Notice and Consent Banner Elements
- The banner expressly covers monitoring of data and communications in transit rather than just accessing data at rest.
- Example: “You consent to the unrestricted monitoring, interception, recording, and searching of all communications and data transiting, traveling to or from, or stored on this system.”
- The banner provides that information in transit or stored on the system may be disclosed to any entity, including to government entities.
- Example: “You consent, without restriction, to all communications and data transiting, traveling to or from, or stored on this system being disclosed to any entity, including to government entities.”
- The banner states that monitoring will be for any purpose.
- Example: “…at any time and for any purpose.”
- The banner states that monitoring may be done by the entity or any person or entity authorized by the entity.
- Example: “…monitoring or disclosure to any entity authorized by [ENTITY].”
- The banner explains to users that they have “no reasonable expectation of privacy” regarding communications or data in transit or stored on the system.
- Example: “You are acknowledging that you have no reasonable expectation of privacy regarding your use of this system.”
- The banner clarifies that the given consent covers personal use of the system (such as personal emails or websites, or use on breaks or after hours) as well as official or work-related use.
- Example: “…including work-related use and personal use without exception….”
- The banner is definitive about the fact of monitoring, rather than being conditional or speculative.
- Example: “…will be monitored…”
- The banner expressly obtains consent from the user and does not merely provide notification.
- Note: click-through banners can be best because they force the user to interact with the language.
- Note: supporting processes should generally also preserve/provide evidence of the user’s agreement to the terms.
- Example: “By using this system, you are acknowledging and consenting to…”
- Example: “By clicking [ACCEPT] below…you consent to…”
- Nothing in the remainder of the banner or associated policies, agreements, training, etc., is inconsistent with, or otherwise undercuts, the elements of the banner.
By clicking [ACCEPT] below you acknowledge and consent to the following:
All communications and data transiting, traveling to or from, or stored on this system will be monitored.
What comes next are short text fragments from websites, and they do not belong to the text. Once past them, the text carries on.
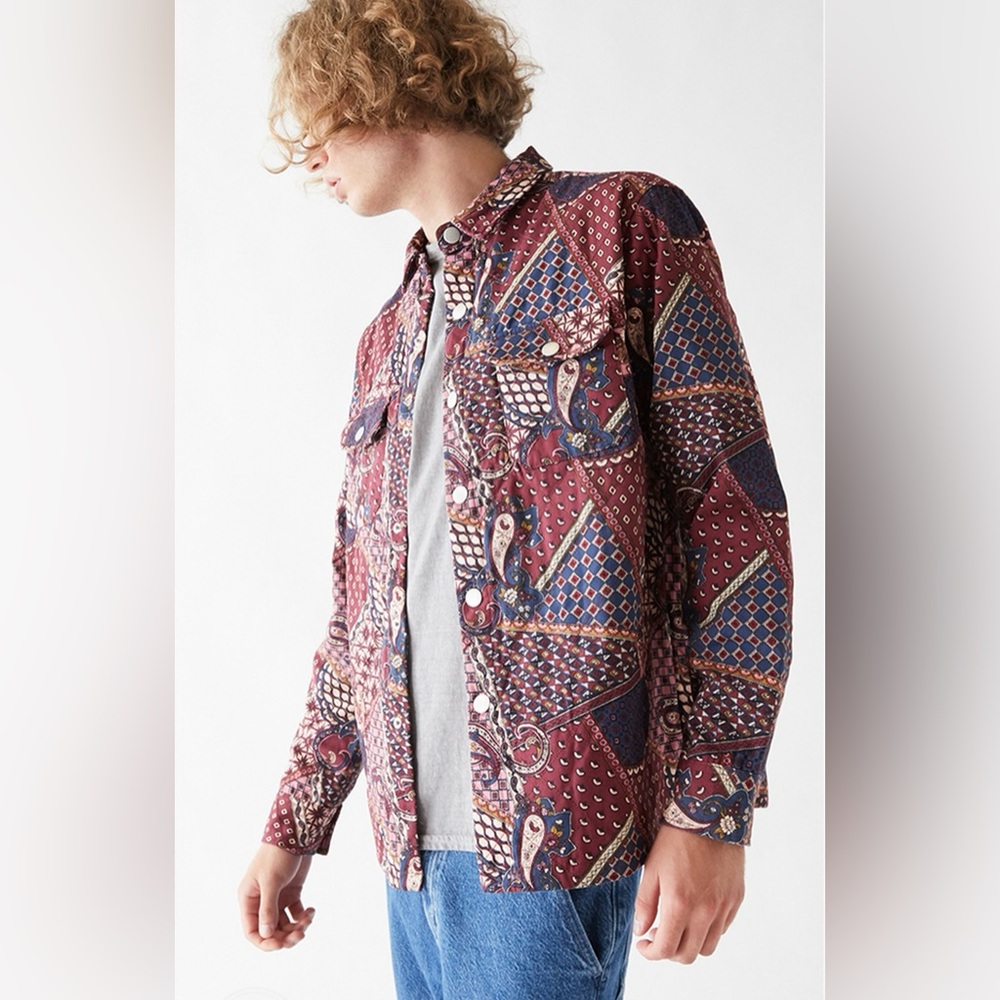 PacSun Quilted Shirt Jacket Men’s Multi Color Paisley Size Medium
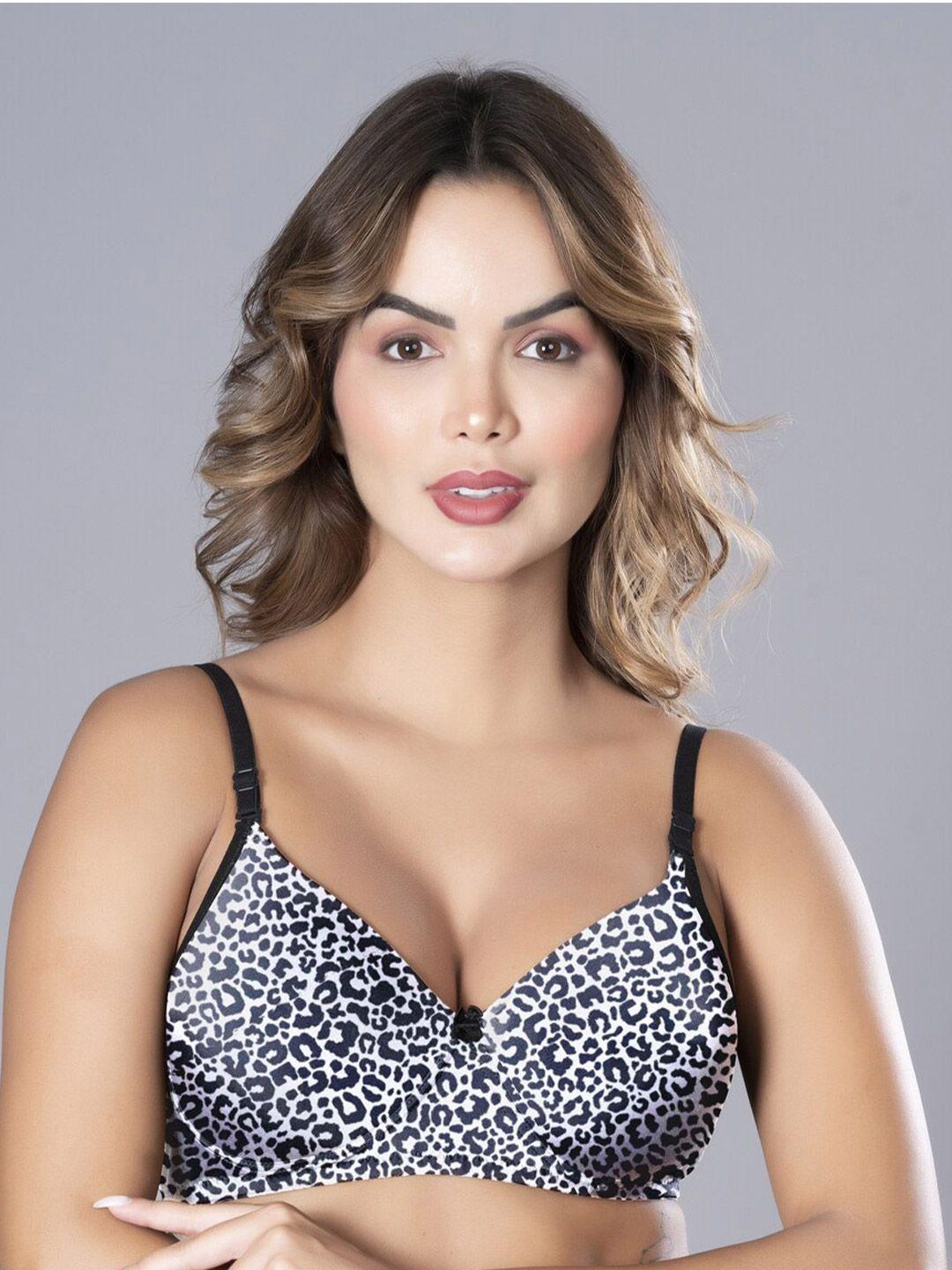 herryqeal animal printed full coverage lightly padded everyday bra with all day comfort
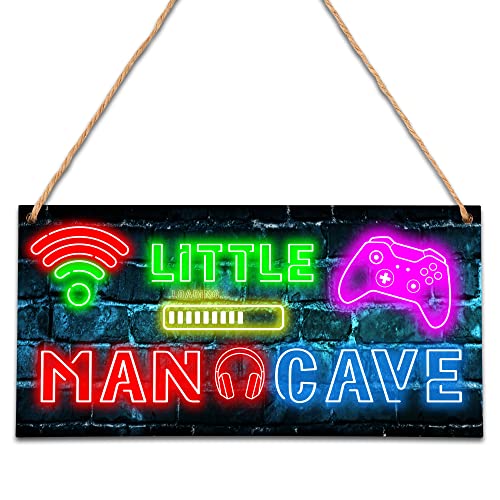 Little Man Cave, Neon Gaming Wooden Door Sign for Gamer Room Decor, Boys Decorations for Bedroom Nursery Playroom Wall Art (5"x10") -A06 - style: Neon Game
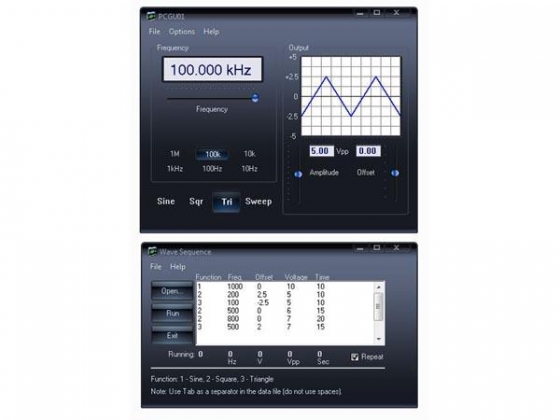 FUNCTIEGENERATOR VOOR PC MET USB-AANSLUITING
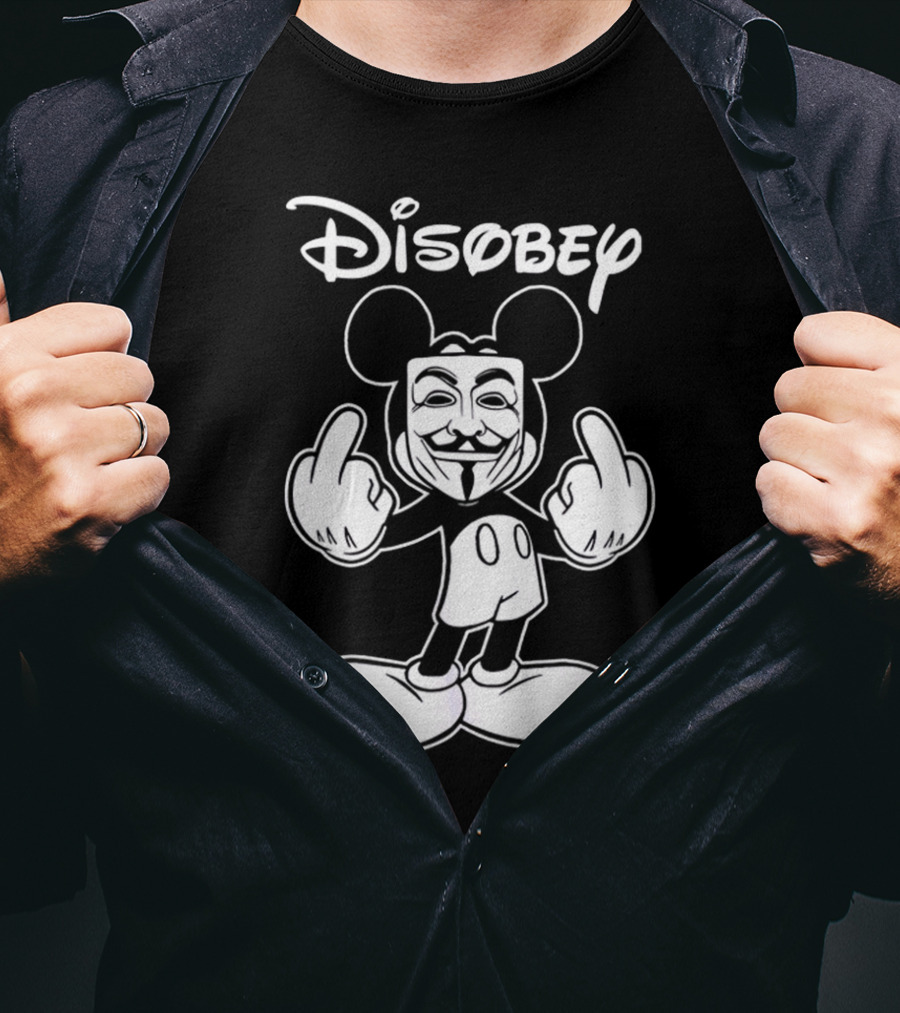 Disney Mickey Disobey Guy Fawkes T-Shirt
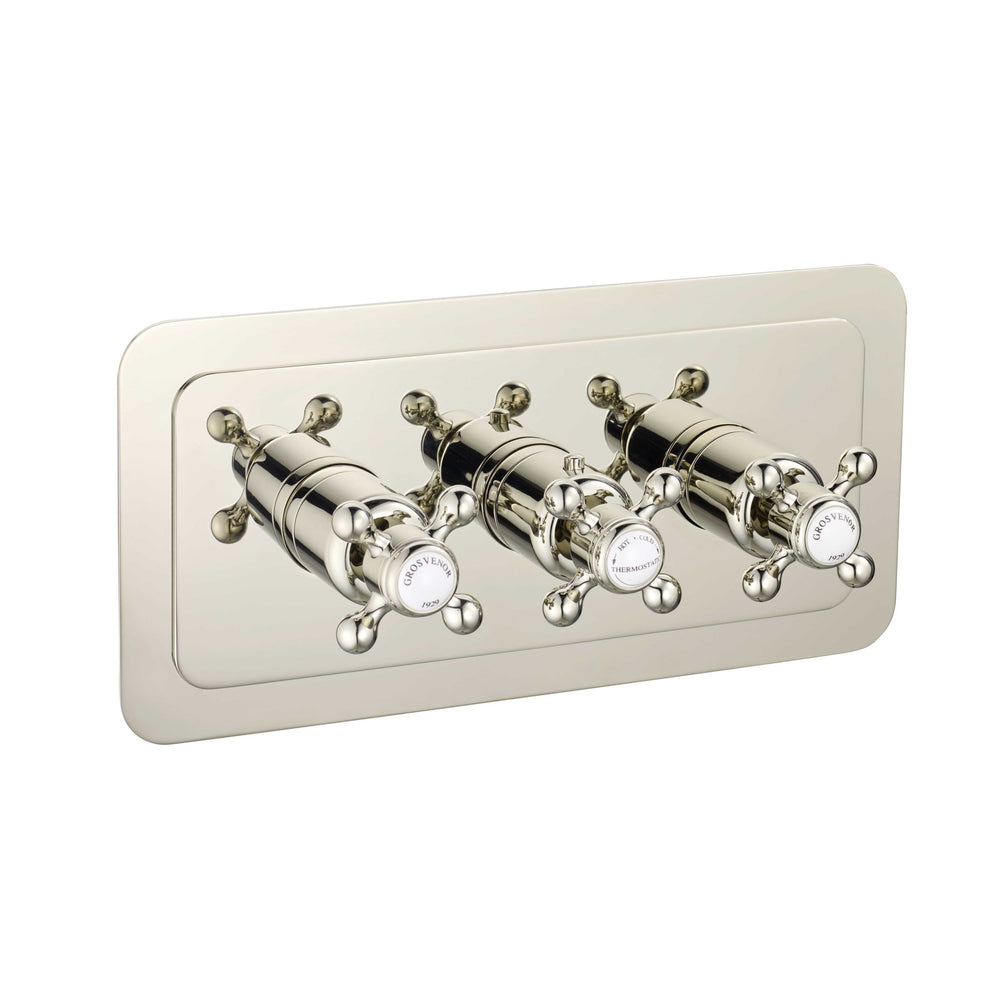 JTP Grosvenor Cross Thermostatic Concealed 2 Outlet Shower Valve, Horizontal in Polished Nickel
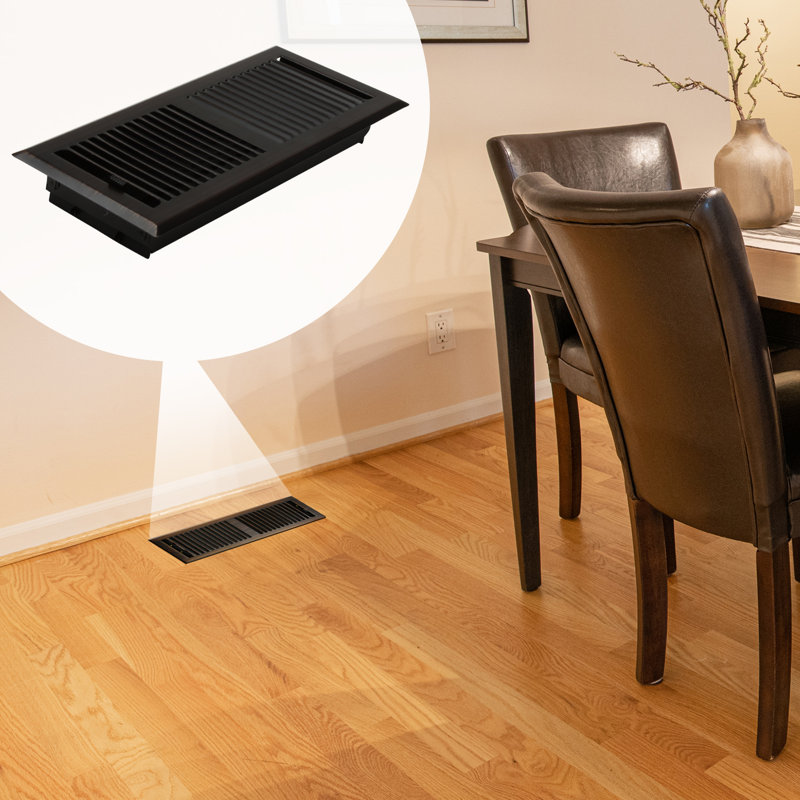 Oil Rubbed Bronze 4" x 10" Steel Floor Register with Trap Net
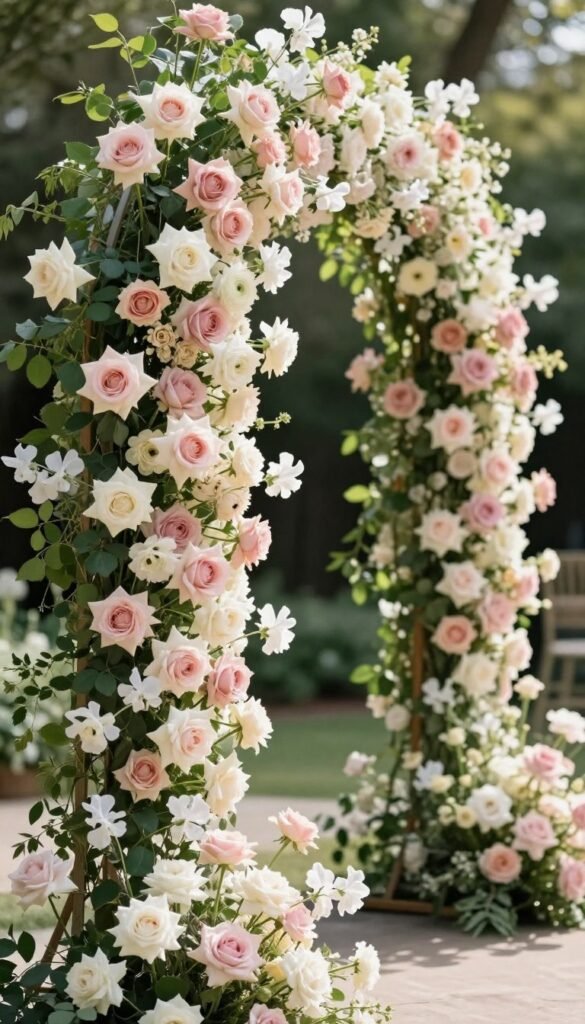 Wedding arch ideas for romantic ceremonies featuring cascading garden roses in soft pink and cream tones Wedding arch ideas for romantic ceremonies featuring cascading garden roses in soft pink and cream tones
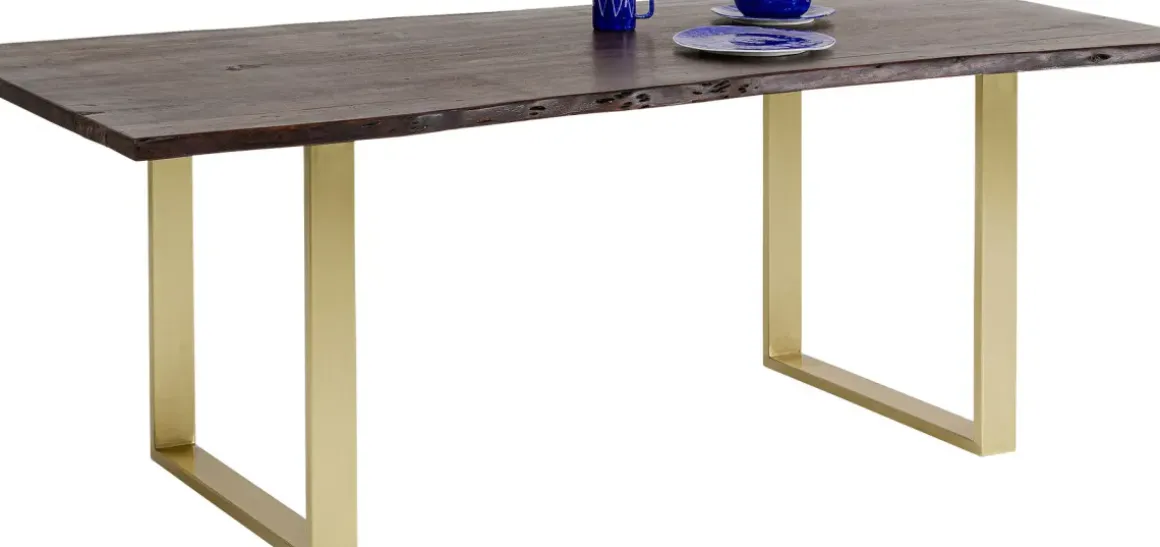 Matbord Harmony - Massivt Mörkt Trä/ Mässing, 200x100cm - KARE Design
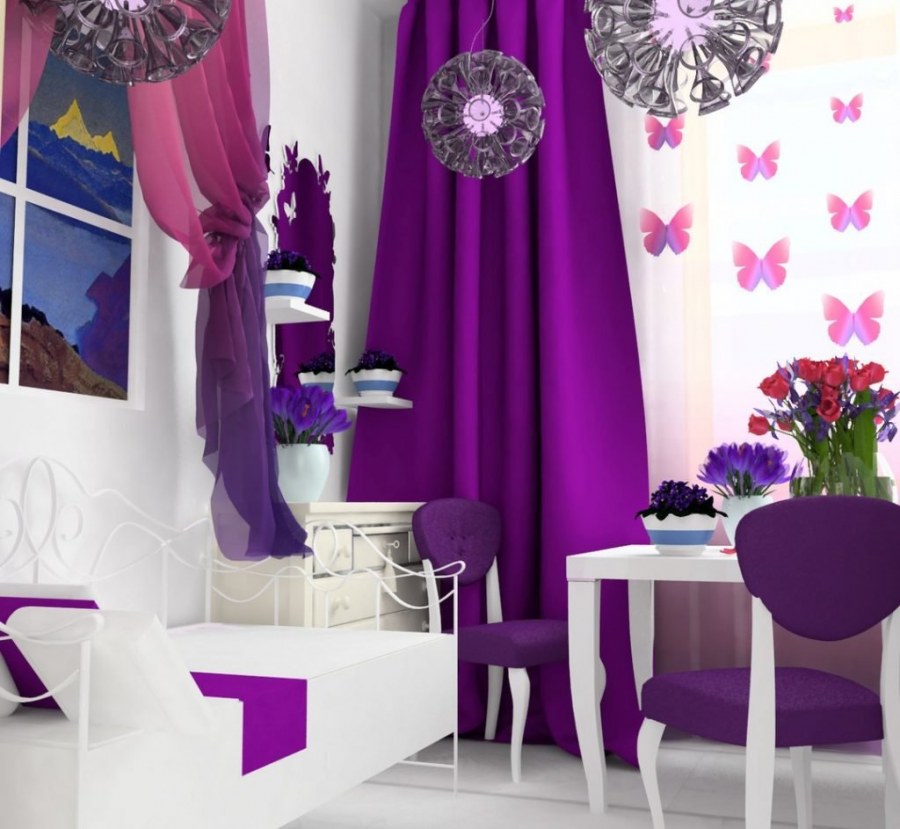 Сиреневая комната для подростка
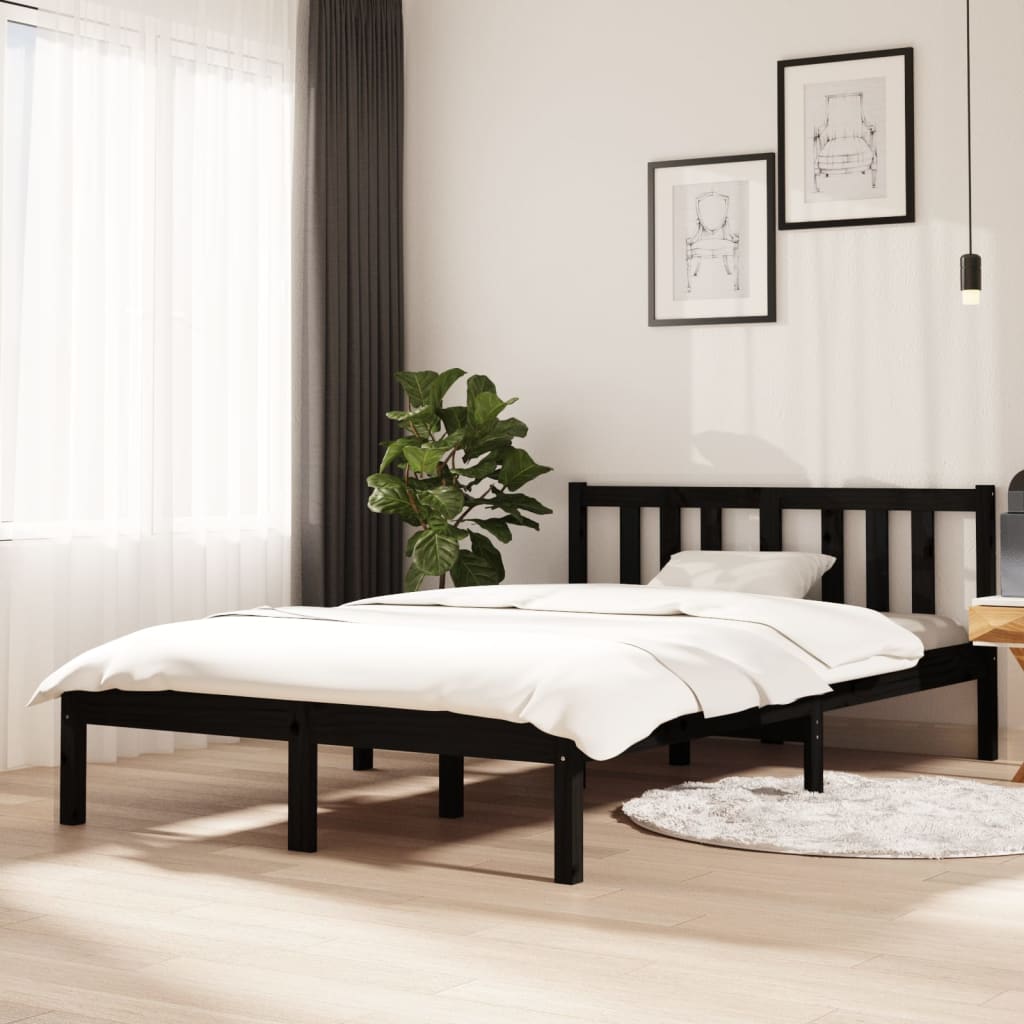 Solid wood bed black 120x200 cm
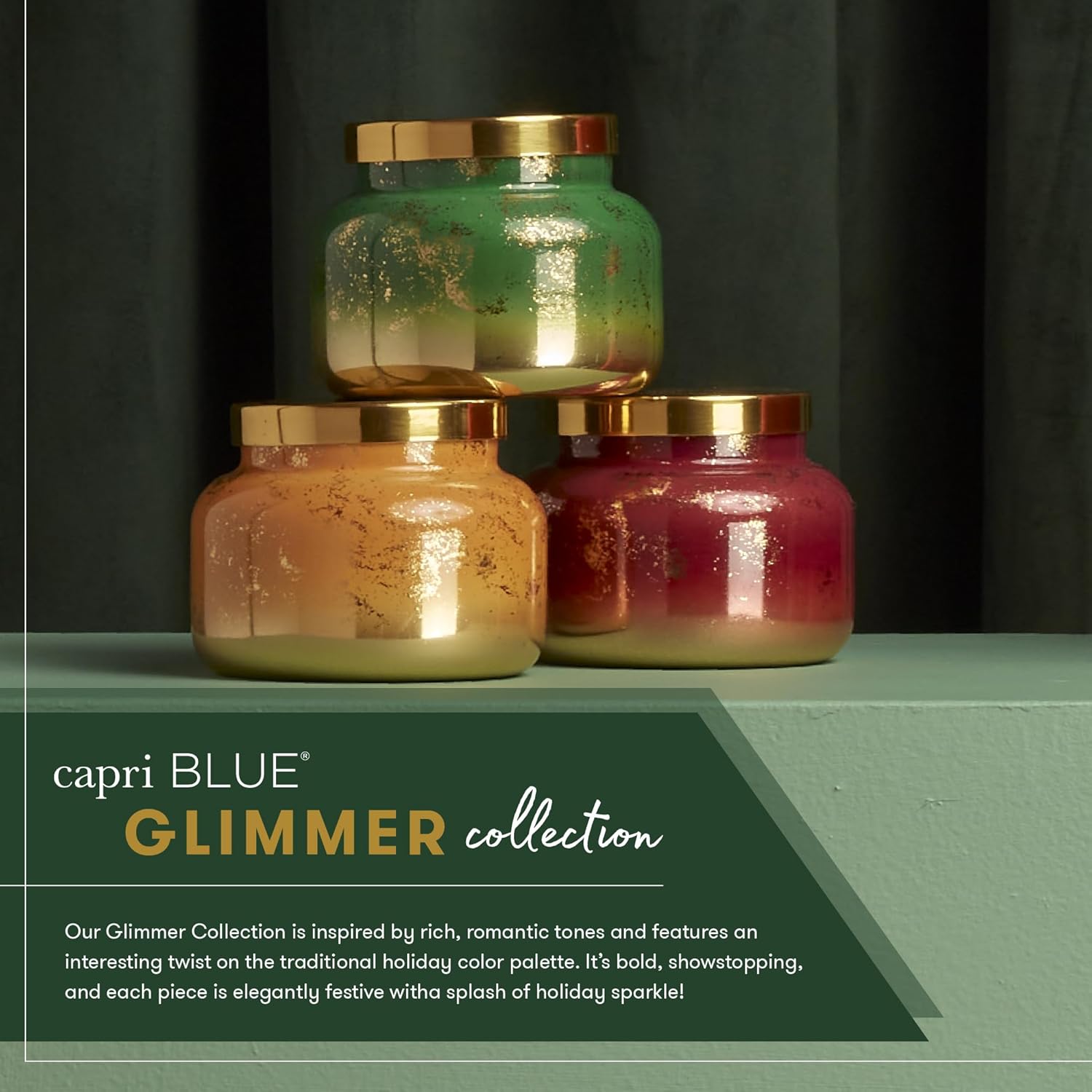 Capri Blue Volcano Scented Candles for Home - Glimmer Inverted Jar Candles - Long Lasting Candles - Soy Candles - Holiday Candles with White & Gold Ombre Glass Candle Holder (10 oz), CB-626-VOL-R - Image 6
You consent to the unrestricted monitoring, interception, recording, and searching of all communications and data transiting, traveling to or from, or stored on this system at any time and for any purpose by [the ENTITY] and by any person or entity, including government entities, authorized by [the ENTITY]. You also consent to the unrestricted disclosure of all communications and data transiting, traveling to or from, or stored on this system at any time and for any purpose to any person or entity, including government entities, authorized by [the ENTITY]. You are acknowledging that you have no reasonable expectation of privacy regarding your use of this system. These acknowledgments and consents cover all use of the system, including work-related use and personal use without exception.
Note: due to variances among enterprise networks and associated election infrastructure, organizations should not consider these best practices a prescriptive solution for all cybersecurity risks.